Monti, in office less than a month, proposed the 30 billion-euro ($39 billion) package of austerity and growth measures as he tries to show investors he can bring down borrowing costs and tame a debt that is bigger than that of Spain, Greece, Portugal and Ireland combined. Yesterday he accepted changes to the plan proposed by lawmakers in a bid to build support for the measure before it goes to a vote in Parliament this week.
The premier praised input from lawmakers that led to the amendments proposed by his government yesterday. The plan will be changed to raise the threshold on pensions that will be stripped of cost-of-living increases to about 1,400 euros a month in 2012, from less than the 1,000 in the original package. The minimum pension is about 500 euros. Families paying the new property tax will get a 50-euro credit per child, the amendment says. Italians whose checking accounts average less than 5,000 euros a year will no longer have to pay a 34-euro annual tax.
The government will cover the lost revenue by increasing the planned levy on Italians who took advantage of previous amnesties on tax evasion. The amendment will also add a tax surcharge on pensions of more than 200,000 euros a year and will impose a levy on property owned by Italians outside of Italy.
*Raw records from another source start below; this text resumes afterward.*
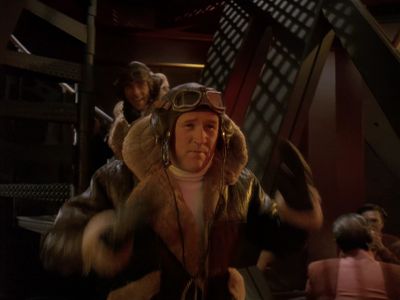 Star Trek: Deep Space Nine Screencaps "Homefront" (S4:E11)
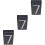 3pcs 7 Indicator Light Control 5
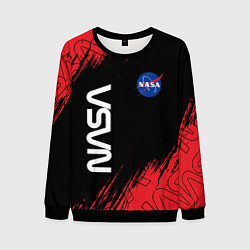 Мужской свитшот NASA НАСА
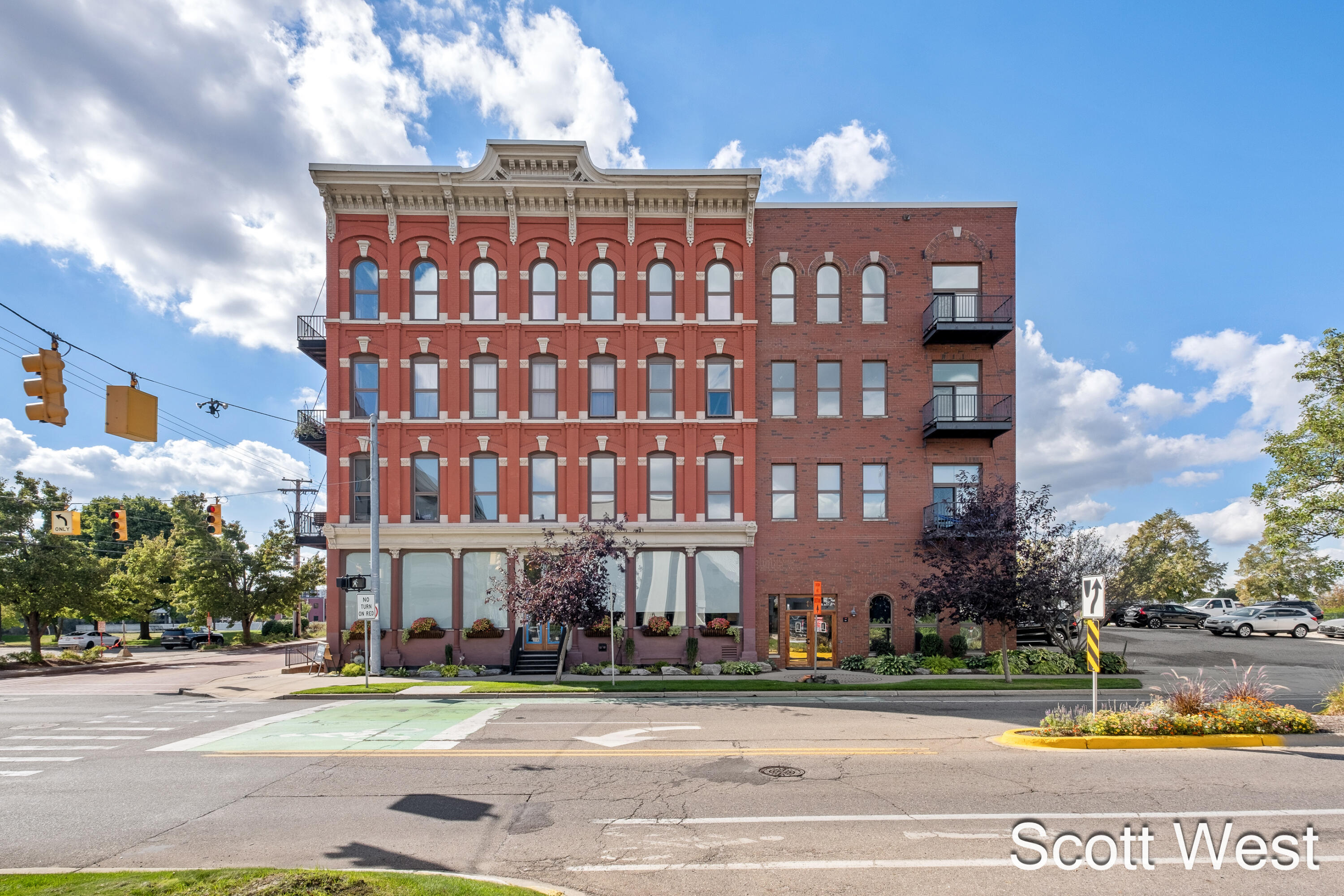 801 Monroe Avenue NW Grand Rapids MI 49503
The yield on Italy’s 10-year bond fell more than 80 basis points in the two days after Monti announced the measures on Dec. 4. Bonds have given back those gains after European Union leaders failed to come up with a comprehensive fix for the region’s debt crisis at a summit ended Dec. 9. The jump in yields is boosting the cost of financing Italy’s 1.9 trillion- euro debt, and the Treasury had to pay 5.952 percent to sell one-year debt on Dec. 12, about three times what Germany pays to borrow for 10 years.
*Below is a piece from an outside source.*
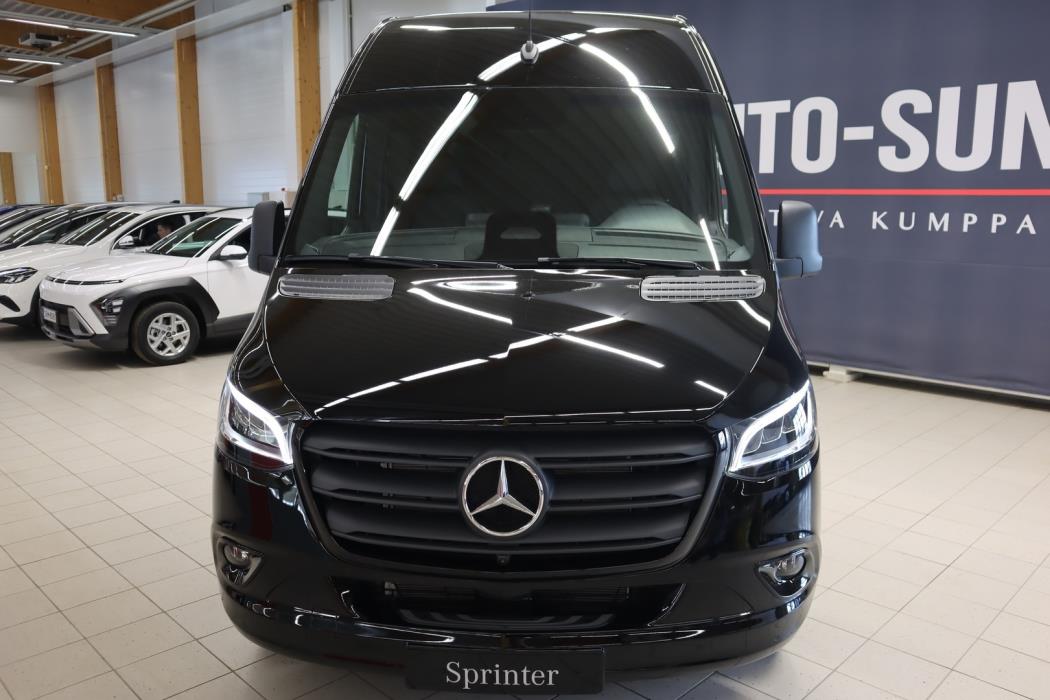 MERCEDES-BENZ Sprinter 2026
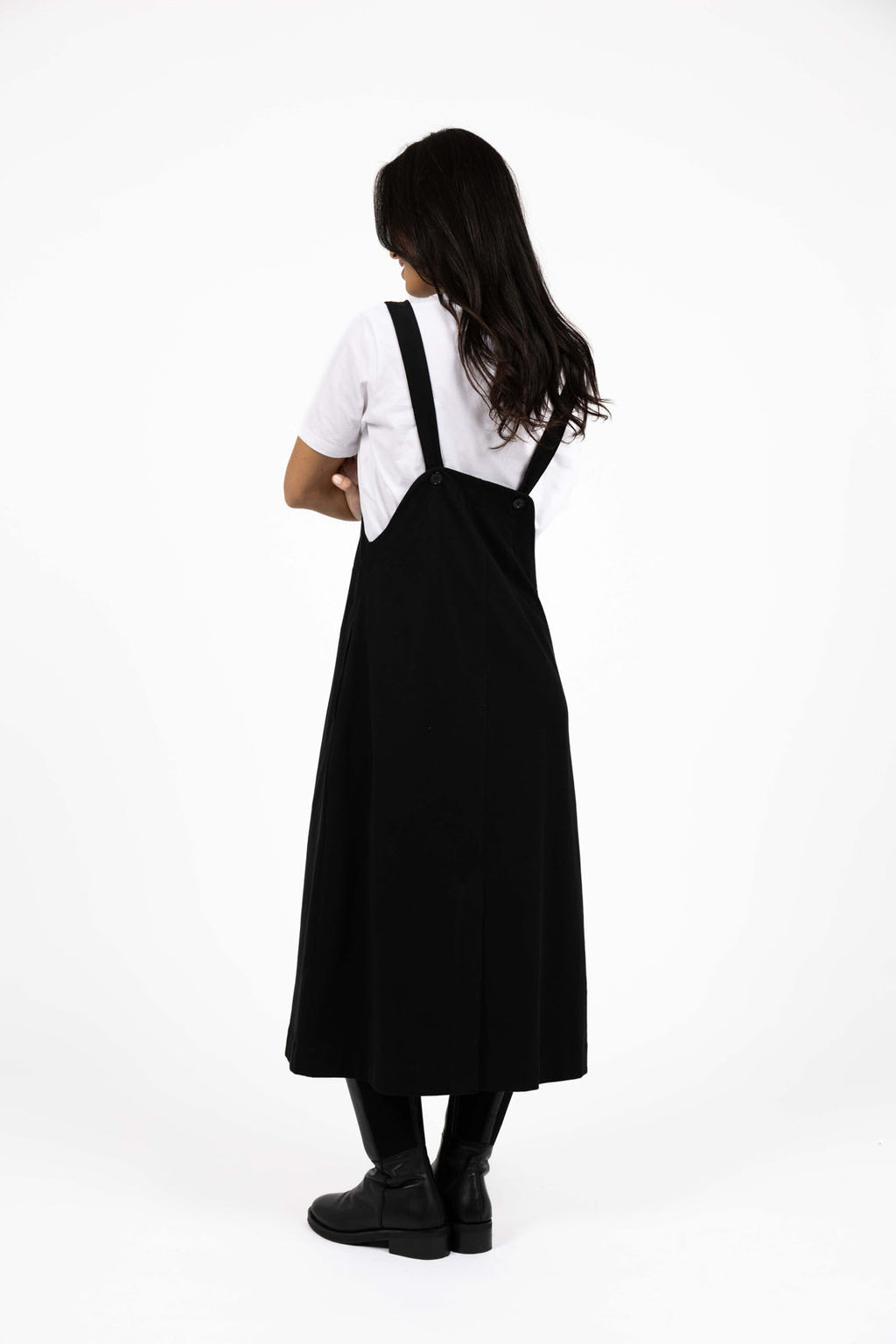 HUMIDITY T-SHIRT PINAFORE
Monti acknowledged that the tax increases and spending cuts in the plan may hurt economic growth in the short run.
“The alternative was a deepening of the sovereign debt crisis that wouldn’t have just led to a recession but the destruction of wealth and the evaporation of the income of Italians,” Monti told the budget committee in the Chamber of Deputies.
The premier defended the plan from criticism that salaried workers and pensioners, rather than the wealthy, will bear most of the burden from the austerity measures. His government had considered implementing a wealth tax, but determined that it wouldn’t have generated enough revenue in the short term and would have led to capital flight from Italy, he said.
The reintroduction of the property tax, higher levies on the funds pardoned in previous tax amnesties and steeper fees on bank and trading accounts were all elements that would affect the wealthy more than wage earners.
“We have introduced a wealth tax that was doable, the wealth tax that was possible,” he said.
The Chamber of Deputies will begin its debate on the plan once it’s passed by the budget committee and is due to vote on the package this week. The measure then passes to the Senate where debate is set to start on Dec. 21 with a vote by Dec. 23.